HOGWARTS
Izuku stepped forward as his name was called. When Professor McGonnagal placed the hat upon his head, it said, "Well? Where's the student?"
"Whatever do you mean?" McGonnagal asked. "You're sitting on him!"
"Nonsense! Did one of those pranksters transfigure a coat rack again?"
From the Gryffindor table, the Weasley twins whispered, "Blimey, I think he broke it!"
"If you're so certain, then allow me to prove it." McGonnagal raised her wand and said, "Finite."
The hat looked down. "Still nothing."
Dumbledore cleared his throat. "Could you kindly pick a house?"
The hat sighed. "Very well. You have green hair, green eyes, and probably green blood. Someone as green as you clearly belongs in… Slytherin!"
All the Slytherins cheered. Izuku sat with them and promptly shoveled all the magical food into his mouth, which quickly ended the cheering and started a magical arms race for the last plate of beans on toast.
Later that night, as Harry and Ron snuck out for a wizard's duel, they noticed Izuku sneaking towards the third floor corridor.
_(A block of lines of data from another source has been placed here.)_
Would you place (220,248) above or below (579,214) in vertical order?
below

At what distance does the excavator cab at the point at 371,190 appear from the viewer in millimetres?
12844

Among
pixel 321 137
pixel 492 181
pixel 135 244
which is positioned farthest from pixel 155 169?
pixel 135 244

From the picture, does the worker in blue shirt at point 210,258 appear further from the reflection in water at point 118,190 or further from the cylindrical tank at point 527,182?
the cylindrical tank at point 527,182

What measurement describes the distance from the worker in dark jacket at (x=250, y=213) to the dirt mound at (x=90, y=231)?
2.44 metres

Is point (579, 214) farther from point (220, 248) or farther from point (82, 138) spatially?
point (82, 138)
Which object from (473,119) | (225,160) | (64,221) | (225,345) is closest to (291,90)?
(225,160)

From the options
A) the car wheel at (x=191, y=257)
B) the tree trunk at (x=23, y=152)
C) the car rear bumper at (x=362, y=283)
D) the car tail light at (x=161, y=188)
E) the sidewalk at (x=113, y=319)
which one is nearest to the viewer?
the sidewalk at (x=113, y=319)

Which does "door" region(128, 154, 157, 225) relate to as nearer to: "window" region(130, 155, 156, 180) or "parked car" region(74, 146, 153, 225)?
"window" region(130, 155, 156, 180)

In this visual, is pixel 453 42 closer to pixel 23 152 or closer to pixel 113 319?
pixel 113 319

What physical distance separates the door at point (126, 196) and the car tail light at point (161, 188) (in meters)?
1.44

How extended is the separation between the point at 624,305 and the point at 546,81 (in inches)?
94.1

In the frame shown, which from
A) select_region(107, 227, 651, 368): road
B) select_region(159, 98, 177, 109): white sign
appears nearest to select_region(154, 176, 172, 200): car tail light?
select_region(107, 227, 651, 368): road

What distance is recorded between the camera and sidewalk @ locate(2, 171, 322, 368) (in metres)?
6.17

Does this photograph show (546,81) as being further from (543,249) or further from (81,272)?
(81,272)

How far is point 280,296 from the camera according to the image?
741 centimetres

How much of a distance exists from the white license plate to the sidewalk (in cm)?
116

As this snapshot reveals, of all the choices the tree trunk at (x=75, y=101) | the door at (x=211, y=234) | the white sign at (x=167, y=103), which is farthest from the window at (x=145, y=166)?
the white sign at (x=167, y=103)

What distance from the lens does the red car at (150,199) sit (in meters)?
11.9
Prior engagements forgotten, the two boys followed along as Izuku opened the unlocked door, suplexed the three-headed dog within, and descended through the trap door.
Peering down, Harry said, "Are you sure we should go down there? You heard what the headmaster said about an instant, painful death."
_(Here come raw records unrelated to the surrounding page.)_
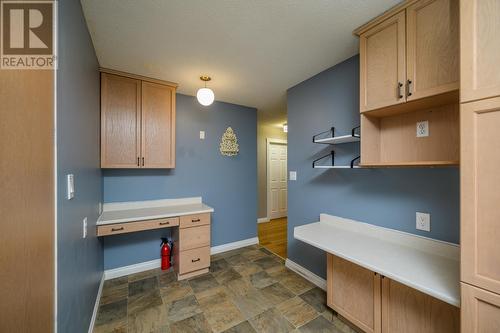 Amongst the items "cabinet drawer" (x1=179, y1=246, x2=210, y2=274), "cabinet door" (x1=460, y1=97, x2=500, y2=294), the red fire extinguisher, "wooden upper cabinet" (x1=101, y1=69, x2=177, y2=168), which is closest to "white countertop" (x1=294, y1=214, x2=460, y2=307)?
"cabinet door" (x1=460, y1=97, x2=500, y2=294)

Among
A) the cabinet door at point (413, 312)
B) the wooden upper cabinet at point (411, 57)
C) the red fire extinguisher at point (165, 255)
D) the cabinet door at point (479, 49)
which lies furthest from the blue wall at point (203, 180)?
the cabinet door at point (479, 49)

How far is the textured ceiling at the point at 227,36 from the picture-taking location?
4.58 ft

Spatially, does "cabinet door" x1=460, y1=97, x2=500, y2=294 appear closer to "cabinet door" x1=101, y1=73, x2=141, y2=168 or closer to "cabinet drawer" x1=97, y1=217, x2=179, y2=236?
"cabinet drawer" x1=97, y1=217, x2=179, y2=236

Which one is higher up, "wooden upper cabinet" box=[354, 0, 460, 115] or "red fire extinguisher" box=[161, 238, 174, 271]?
"wooden upper cabinet" box=[354, 0, 460, 115]

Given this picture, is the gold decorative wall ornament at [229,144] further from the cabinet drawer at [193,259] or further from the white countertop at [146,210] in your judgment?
the cabinet drawer at [193,259]

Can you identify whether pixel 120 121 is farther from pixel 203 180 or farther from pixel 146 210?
pixel 203 180

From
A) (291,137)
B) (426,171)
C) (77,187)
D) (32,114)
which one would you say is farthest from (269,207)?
(32,114)

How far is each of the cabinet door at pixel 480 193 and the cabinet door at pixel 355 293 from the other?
0.70 metres

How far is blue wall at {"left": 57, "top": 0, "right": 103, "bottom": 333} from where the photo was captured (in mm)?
975

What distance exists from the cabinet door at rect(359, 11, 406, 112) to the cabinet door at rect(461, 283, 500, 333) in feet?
3.76

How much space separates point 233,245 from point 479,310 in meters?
2.93

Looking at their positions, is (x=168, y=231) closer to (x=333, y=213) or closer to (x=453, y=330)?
(x=333, y=213)

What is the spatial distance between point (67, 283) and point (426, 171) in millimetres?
2438

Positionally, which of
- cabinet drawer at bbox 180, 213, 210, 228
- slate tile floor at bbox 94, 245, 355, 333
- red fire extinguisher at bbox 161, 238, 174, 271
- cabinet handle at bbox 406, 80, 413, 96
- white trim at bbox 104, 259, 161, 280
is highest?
cabinet handle at bbox 406, 80, 413, 96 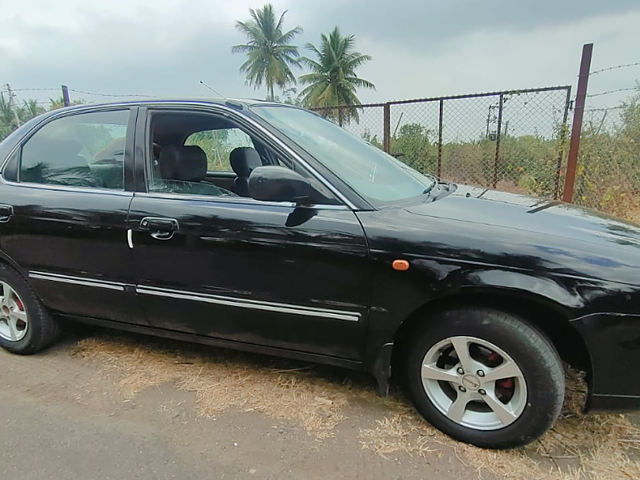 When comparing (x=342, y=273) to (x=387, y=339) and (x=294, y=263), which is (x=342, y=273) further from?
(x=387, y=339)

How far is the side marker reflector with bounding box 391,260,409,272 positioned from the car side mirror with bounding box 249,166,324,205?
1.60 feet

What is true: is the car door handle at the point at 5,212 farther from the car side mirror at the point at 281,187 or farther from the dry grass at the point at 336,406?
the car side mirror at the point at 281,187

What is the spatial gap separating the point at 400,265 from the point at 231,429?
4.11 ft

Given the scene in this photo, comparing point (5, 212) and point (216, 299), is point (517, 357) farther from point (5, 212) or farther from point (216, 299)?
point (5, 212)

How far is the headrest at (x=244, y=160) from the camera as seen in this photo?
3.13m

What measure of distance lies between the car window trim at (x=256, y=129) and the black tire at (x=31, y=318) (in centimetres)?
134

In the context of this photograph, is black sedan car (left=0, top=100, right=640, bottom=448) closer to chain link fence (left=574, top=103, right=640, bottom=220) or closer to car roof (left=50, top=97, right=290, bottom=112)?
car roof (left=50, top=97, right=290, bottom=112)

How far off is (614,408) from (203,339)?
83.4 inches

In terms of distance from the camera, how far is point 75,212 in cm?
260

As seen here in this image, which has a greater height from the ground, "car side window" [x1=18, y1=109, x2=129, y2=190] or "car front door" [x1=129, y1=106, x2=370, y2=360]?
"car side window" [x1=18, y1=109, x2=129, y2=190]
"Yeah, but is it really going to be that painful if it's instant?" Ron pointed out. "And besides, that bloke's so Slytherin their hair is green. They're clearly up to something, and we're the only ones here to stop them!"
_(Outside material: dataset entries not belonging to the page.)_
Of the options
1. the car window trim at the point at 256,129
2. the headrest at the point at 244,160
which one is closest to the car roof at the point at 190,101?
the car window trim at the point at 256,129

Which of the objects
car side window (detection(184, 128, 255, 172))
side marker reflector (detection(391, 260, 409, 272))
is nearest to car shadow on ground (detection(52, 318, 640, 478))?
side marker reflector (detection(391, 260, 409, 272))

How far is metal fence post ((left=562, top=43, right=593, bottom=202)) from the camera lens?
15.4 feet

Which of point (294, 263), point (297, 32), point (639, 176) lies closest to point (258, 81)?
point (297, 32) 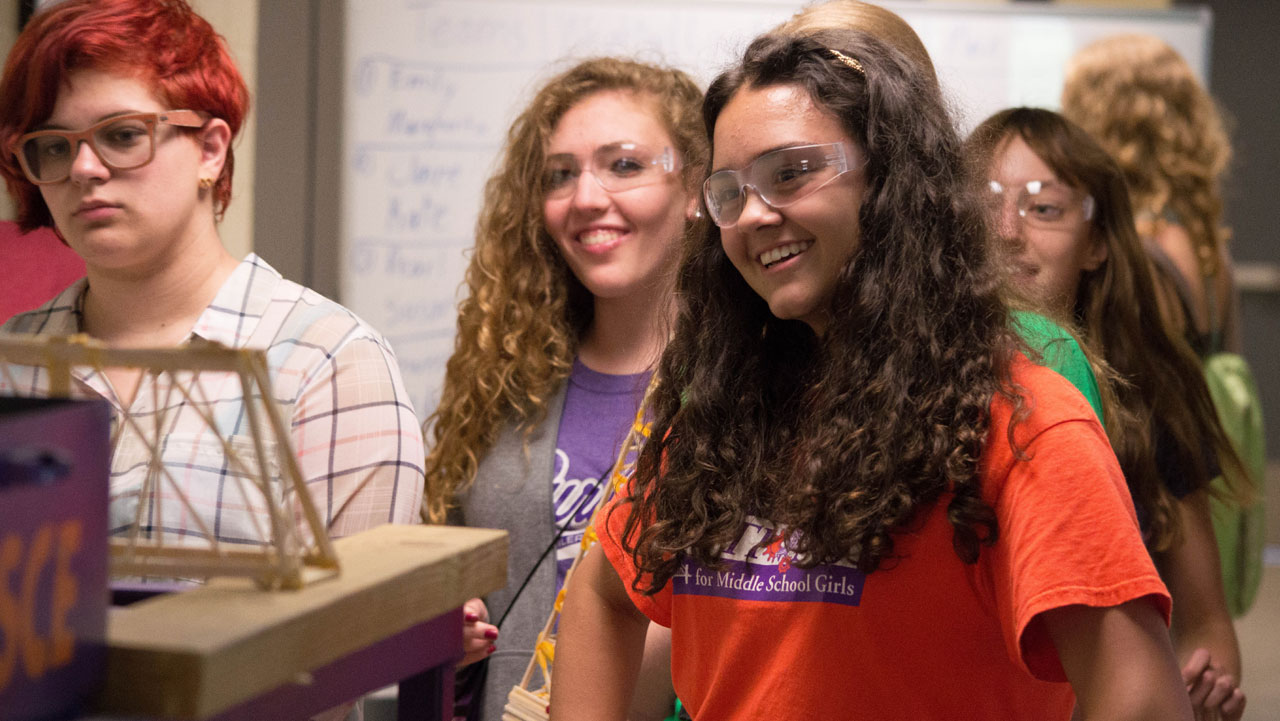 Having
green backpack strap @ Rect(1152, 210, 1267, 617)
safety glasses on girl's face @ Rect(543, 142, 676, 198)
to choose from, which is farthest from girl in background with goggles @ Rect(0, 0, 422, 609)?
green backpack strap @ Rect(1152, 210, 1267, 617)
The two boys jumped in and promptly broke their legs on the stone floor, amidst the ashes of the Devil's Snare that was supposed to catch them.
Izuku picked a lock, moved a single chess piece, sliced the troll in half with a lightsaber, and drank all the potions before walking through the flames.
Izuku didn't see anything in the mirror of Erised. No images of himself topping the hero charts, or eating a mountain of precious metals, or even holding the Philosopher's Stone.
Izuku punched a hole in the mirror and pulled out the Stone.
"That belongs to me, child," Quirrel hissed.
Izuku scanned the professor. "Either you have a disembodied soul living on the back of your head, or you have a brain tumor. Would you like me to remove it?"
Quirrel raised his wand and spat out, "Avada Kedavra!"
The green light washed over Izuku. Izuku took out a vacuum cleaner and turned it on. Quirrel tried to move away, but the powerful suction tugged him closer and closer. The turban got sucked in, then the hideous face behind his head.
Quirrel patted his head in amazement. "I'm free!"
"The tumor is in remission. Additional chemotherapy may be required."'
Izuku's legs sprouted rockets. He blasted through the castle, flew back to Japan, and gave the Stone to Inko.
"Thanks dearie." She set it on top of a pile of papers. "That'll make a nice paperweight."
500
Voldemort, trapped in a jar: release me, you vile muggle, or I will feed you your own entrails!
Inko: sounds like somebody wants to inhabit a gas station toilet
Voldemort: I'll be good
I may or may not have started playing Hogwarts Legacy.